#### SUPPLIED INFORMATION ####

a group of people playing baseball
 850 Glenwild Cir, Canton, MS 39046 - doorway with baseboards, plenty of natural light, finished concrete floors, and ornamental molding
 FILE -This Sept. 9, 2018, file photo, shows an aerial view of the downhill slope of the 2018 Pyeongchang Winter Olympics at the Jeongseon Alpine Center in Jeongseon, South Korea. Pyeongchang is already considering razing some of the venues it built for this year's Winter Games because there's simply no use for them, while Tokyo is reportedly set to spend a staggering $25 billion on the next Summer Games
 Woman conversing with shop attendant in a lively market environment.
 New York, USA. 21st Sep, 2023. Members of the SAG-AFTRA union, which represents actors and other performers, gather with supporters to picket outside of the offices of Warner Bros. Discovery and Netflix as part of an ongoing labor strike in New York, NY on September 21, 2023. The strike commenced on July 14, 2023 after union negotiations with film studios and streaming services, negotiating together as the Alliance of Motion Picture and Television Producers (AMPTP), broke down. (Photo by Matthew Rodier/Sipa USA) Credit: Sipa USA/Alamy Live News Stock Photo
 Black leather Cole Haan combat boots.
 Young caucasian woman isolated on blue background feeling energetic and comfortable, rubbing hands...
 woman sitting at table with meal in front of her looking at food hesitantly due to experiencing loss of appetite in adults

####

> **TASK REQUIREMENTS**
Although the records may continue, retype only the lines from the first one through the one containing "FILE -This Sept.", exactly as they appear.

> **SOLUTION TO THE EXERCISE**
a group of people playing baseball
 850 Glenwild Cir, Canton, MS 39046 - doorway with baseboards, plenty of natural light, finished concrete floors, and ornamental molding
 FILE -This Sept. 9, 2018, file photo, shows an aerial view of the downhill slope of the 2018 Pyeongchang Winter Olympics at the Jeongseon Alpine Center in Jeongseon, South Korea. Pyeongchang is already considering razing some of the venues it built for this year's Winter Games because there's simply no use for them, while Tokyo is reportedly set to spend a staggering $25 billion on the next Summer Games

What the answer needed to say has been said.